A critical piece of that architecture is the ability for Terracotta BigMemory to act as a fast In-Memory buffer, accessible by both the real-time world and the batch world...effectively bridging the gap between the 2.
The Terracotta BigMemory-Hadoop connector is at the center of that piece, allowing hadoop to write seamlessly to BigMemory.
For general information, please refer to existing writings about this connector:
- http://terracotta.org/resources/whitepapers/bigmemory-hadoop?set=1 (White paper)
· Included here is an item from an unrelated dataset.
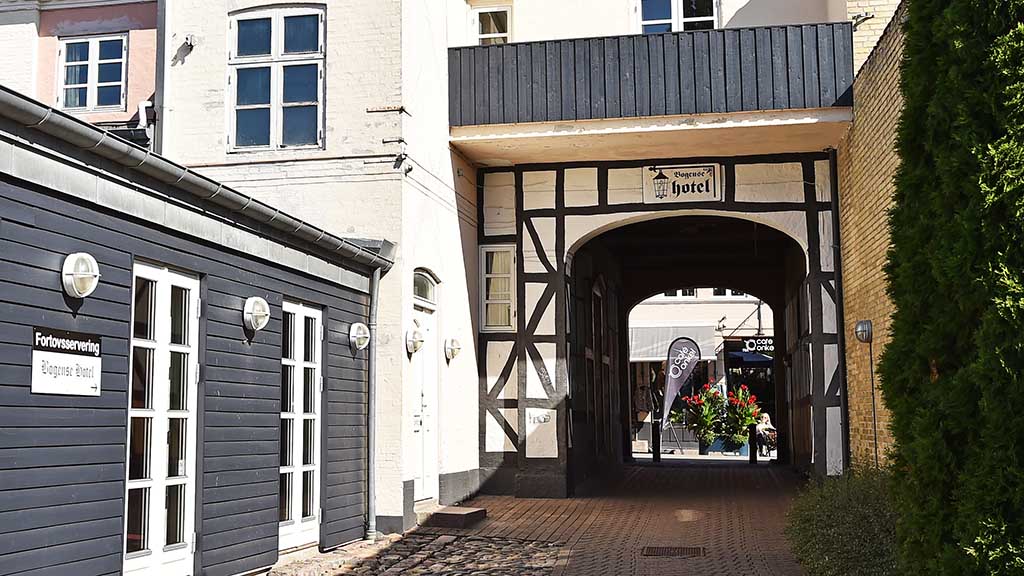 The path up to the city from the car park behind Bogense Hotel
I'll be using as a guide the code I put together for "AFCEA Cyber Symposium Plugfest", available on github at https://github.com/lanimall/cyberplugfest
Master Step 1 - Get the software components up and running
1 - Let's download the needed components:
- Hadoop connector: http://terracotta.org/downloads/hadoop-connector?set=1
- Bigmemory Max: http://terracotta.org/downloads/bigmemorymax?set=1
- We'll test here with latest 4.0.2 version…but works fine with TC 3.7.x as well.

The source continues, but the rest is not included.